Zadrian Smith, stylist, founder and editor-in-chief of Petrie
The biggest trends for the fall/winter season: Continuing the dialogue on gender, both on the runways and red carpets, we are seeing a return of the audacious male peacock. Leading the flock is Chadwick Boseman, whose role in “Black Panther” might have suggested a very masculine run of looks for his press tour, but Boseman dared to be different and really pushed the envelope with his sartorial choices, challenging the societal norms of what it means to be black, masculine and fashion-forward. Boseman lived loud and proud on the carpets with an edit of looks that included a cape for the Met Gala and is not one to shy away from prints, textiles and embroidery. A huge departure from the usual run of double-breasted suits we normally see to represent timeless men’s fashion. Already designers like Kim Jones at Dior are softening what it means to be masculine and I think most fashion industry insiders are waiting to see how Hedi Slimane will interpret men’s wear for Céline, a brand long defined for challenging the notions of femininity.
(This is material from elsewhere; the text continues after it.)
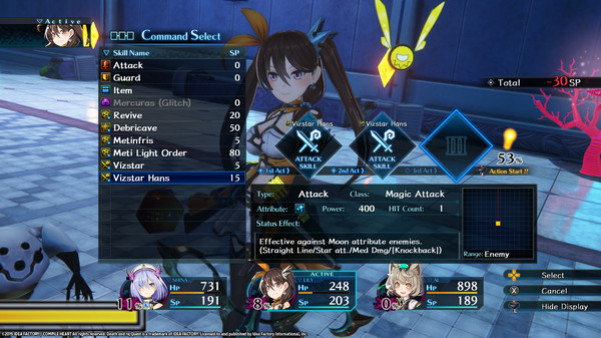 Игра Death end re;Quest, скриншот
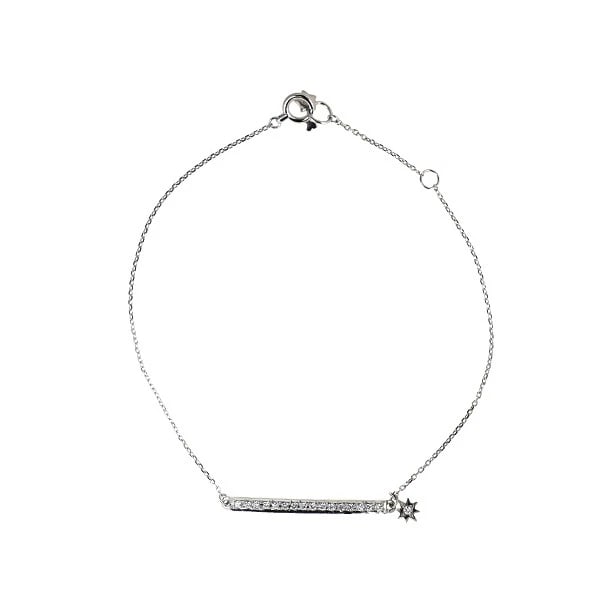 STAR JEWELRY K18WG DIAMOND BRACELET: STAR JEWELRY K18WG DIAMOND BRACELET Brand: star jewelry Type/Style: bracelets Material: K18WG Color: WG Size: Necklace: Chain Length 17.5 Length/Width/Diameter2.1 Accessories: None Accessories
What’s totally over: For men’s wear, I would say opaque, monotonous colors are quickly fading away. Recent men’s collections were littered with texture, detailed textiles, and colors and silhouettes that have quickly refashioned the modern male silhouette of the last decade. The Gucci, Calvin Klein, Craig Green and Dior man is not afraid to tap into his feminine side. Hyper-masculinity is over, and the male who can delicately balance both sides of the gender scale is very much in vogue.
Moti Ankari, The Metro Man
The biggest trends for the fall/winter season: Loose fits, logos, leopard, rodeo cowboy style, Nineties style, all sorts of bags — bum bags, side bags and the Prada badge holder.
What’s totally over: Skinny jeans — not to be confused with fitted jeans. With the more relaxed and laid-back movement that we’ve seen in fashion for quite some time now, more now than ever, super-skinny fits are out.
What big directions do you see in coming years?: I think in men’s wear, specifically, clothing is becoming more “fashion”— and more guys are more conscious about designer brands and their creative directors. Men used to wear slim-fit trousers and well-fitted suits and they would be considered stylish. Now, more and more men are wearing unique fabrics and bold prints from designers like Versace, Prada, Gucci. I think fast fashion will always be around, but I do think more men will be saving and spending more on designers — I know I am.